Abbé Dom. Josep Mª SOLER OSB Abbé de Montserrat (Barcelona, Espagne)

«Ton coeur sera transpercé par une épée»

Aujourd'hui, en ce jour de fête de Notre-Dame la Vierge des Douleurs, nous écoutons des paroles lancinantes de la bouche du vieux Siméon: «Et toi-même, ton coeur sera transpercé par une épée» (Lc 2,35). Une affirmation qui, dans son contexte, ne fait pas uniquement référence à la passion de Jésus-Christ, sinon à son ministère, qui provoquera une division parmi le peuple d'Israël et donc, une douleur interne en Marie.
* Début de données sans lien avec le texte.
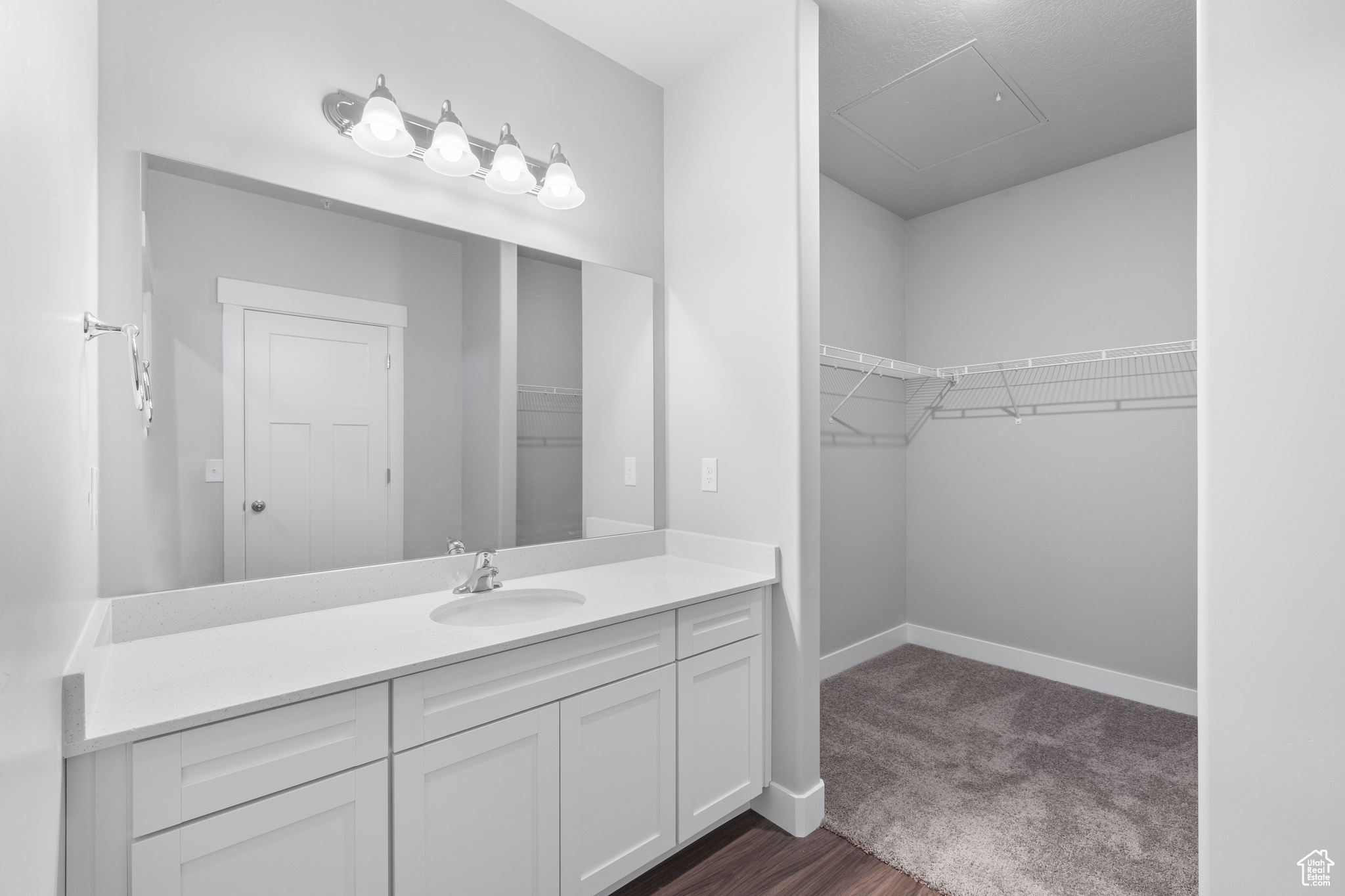 Bathroom with hardwood / wood-style flooring and large vanity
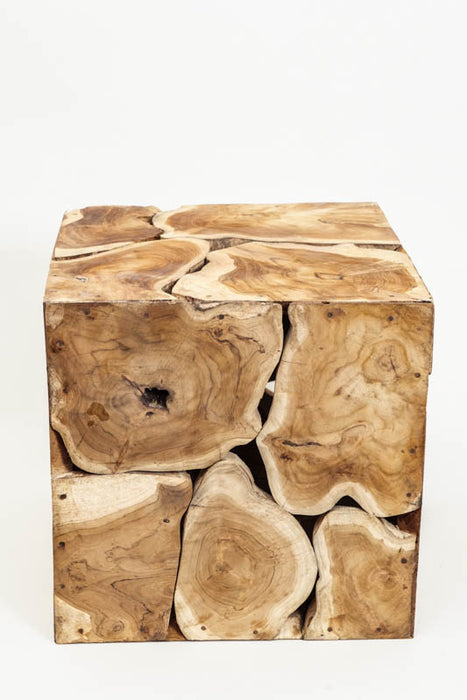 Decorative teak wood cube, small, 38x38 cm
Tout au long de la vie publique de Jésus, Marie a souffert de voir Jésus rejeté par les autorités du peuple et menacé de mort.

Marie, comme tout disciple de Jésus, doit apprendre à situer les relations familières dans un autre contexte. Elle aussi, en raison de l'Évangile, doit laisser son Fils (cf. Mt 19,29), et doit apprendre à ne pas voir le Christ depuis le prisme de la chair, bien qu'il soit né d'Elle, de la chair. Elle aussi doit crucifier sa chair (cf. Ga 5,24) pour pouvoir se transformer à l'image de Jésus-Christ. Mais le moment le plus fort de la souffrance de Marie, pendant lequel Elle vie le plus intensément la croix est celui de la crucifixion et de la mort de Jésus.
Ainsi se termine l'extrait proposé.